Ich brauch gar nicht weiter darüber nachdenken, wer vor der Tür steht, als es wieder klingelt. Ich nehme einen Stuhl, schleppe ihn durchs Flur vor die Wohnungstür und stelle mich darauf, darüber befindet sich der Stromkasten in der Decke. Als ich den Schalter für die Klingel gefunden habe, lege ich ihn um und mache mir, nun wieder in völliger Ruhe, einen Kaffee, setze mich damit auf die Couch und chille, in emotionaler Kälte.
Ich höre, wie die Wohnungstür aufspringt und jemand meine Wohnung betritt.

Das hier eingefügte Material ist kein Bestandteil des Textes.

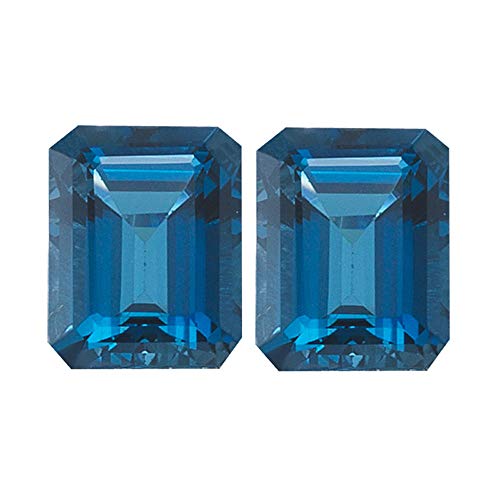 Instagem 0.60-0.86 Cts Of 5X3 Mm Aaa Emerald London Blue Topaz (2 Pcs) Loose Gemstone #TOP4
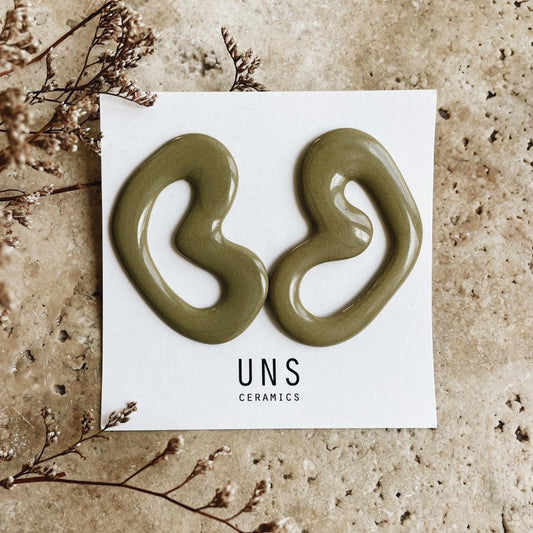 Sara Olive Green Ceramic Earring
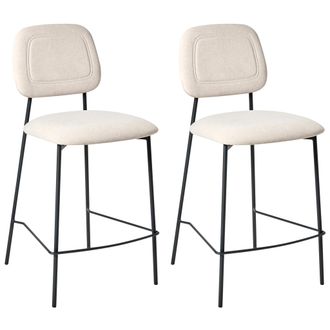 Beliani Beliani - Conjunto De 2 Sillas De Comedor Tapizadas Con Asiento De Terciopelo Base De Hierro Negro Beige Claro Duette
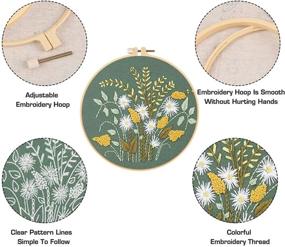 img 1 attached to 🧵 Nuberlic 3-Pack Adult Embroidery Kit - Cross Stitch Starter Set with Floral Pattern: Craft Stamped Cloth (3), Embroidery Hoops (3), Threads, and Needles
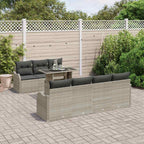 Conjunto de sofá de jardín 8 pcs Gris claro Rattan de Poliéster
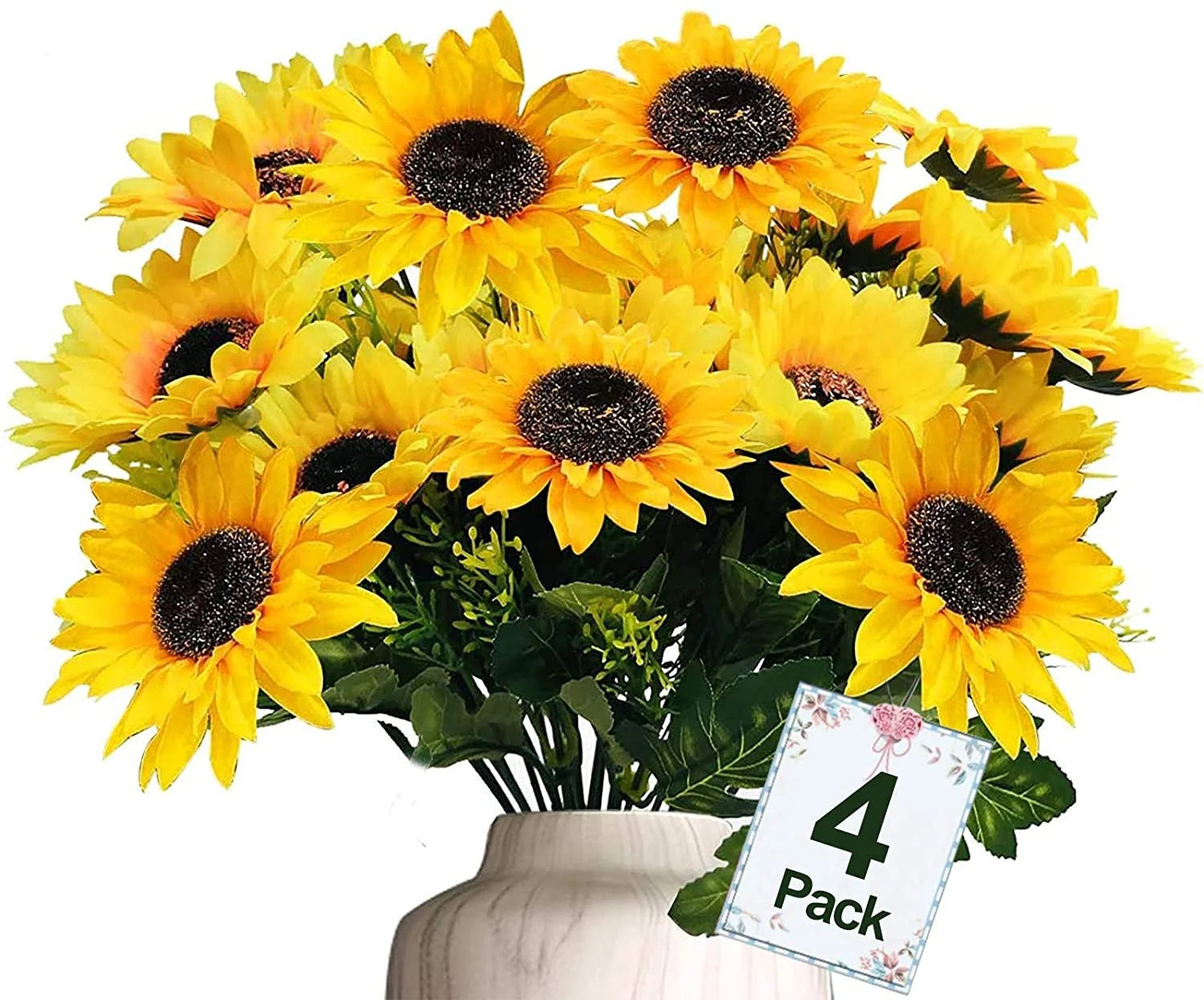 Limei 4 Bouquet 28 Heads Sunflowers Artificial Flowers Bulk Spring Decor, Fake Flowers Silk Faux ... | Walmart (US)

Schnell steh ich auf und renne in den Flur.
„Alter, wie kommst du hier rein?", frage ich, völlig entgeistert, Manu.
Er grinst über eine Büroklammer hinweg mich an. „Deine Tür ist nicht die Sicherste, sowas ist ein Kinderspiel." Er streckt seine Hand aus und berührt meine Wange. „Hast du geweint?"

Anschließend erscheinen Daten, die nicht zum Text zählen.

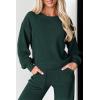 imagePRETTYGARDEN Womens 2 Piece Outfits 2024 Fall Fashion Tracksuits Long Sleeve Pullover Tops Straight Leg Pants Lounge SetsDark Green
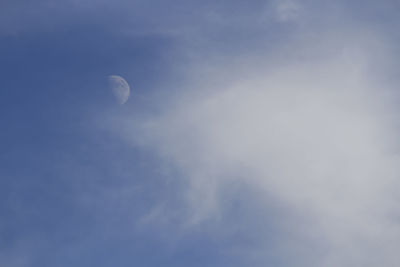 Low angle view of moon in sky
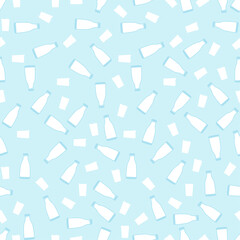 Bottle of milk and glass of milk on a blue background. Seamless pattern. 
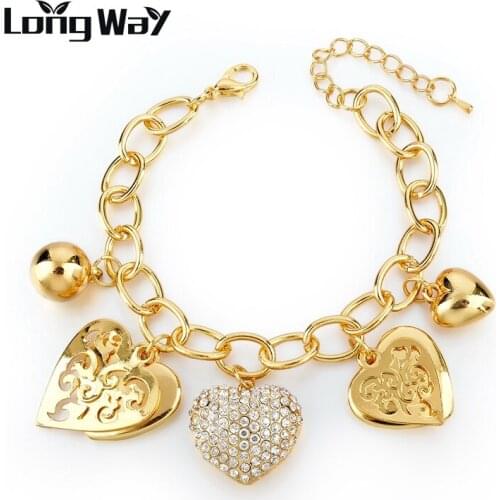 LongWay Hot Jewelry Women Charming Bracelet Silver & Gold Color Link Chain Heart Charm with Crystal Bracelets 2018 SBR160019103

„Wieso sollte ich weinen?", ich schau ihn grimmig an. Er stellt sich auf den Stuhl, auf dem auch ich vorhin stand, um den Schalter umzulegen. Jetzt geht die Klingel also wieder. Ich weiß, dass es nichts bringt, ihn wieder rauszuwerfen. „Du nervst mich so extrem, das glaubst du gar nicht", sage ich, immer noch wütend. Ich stampfe ins Wohnzimmer und setze mich auf die Couch. Er setzt sich neben mich.
„Ich habe deinen Nachbar gefragt", fängt er an, „wie du heißt."
„Verarsch mich nicht."
„Ich find den Namen schön."
„Ach? Wie heiß ich denn?", uns beiden wird klar sein, dass er das gar nicht wissen kann, denn keiner meiner Nachbarn weiß es.
Er seufzt. „Ja okay."
Ich gebe mir ein inneres High-Five. „In einer Stunde musst du gehen, dann kommen Freunde von mir zu Besuch."
„Glaub ich dir nicht", sagt er rotzfrech, als hätte ich keine Freunde. „Deine Kontakte sind leer", nickt er zum Telefon.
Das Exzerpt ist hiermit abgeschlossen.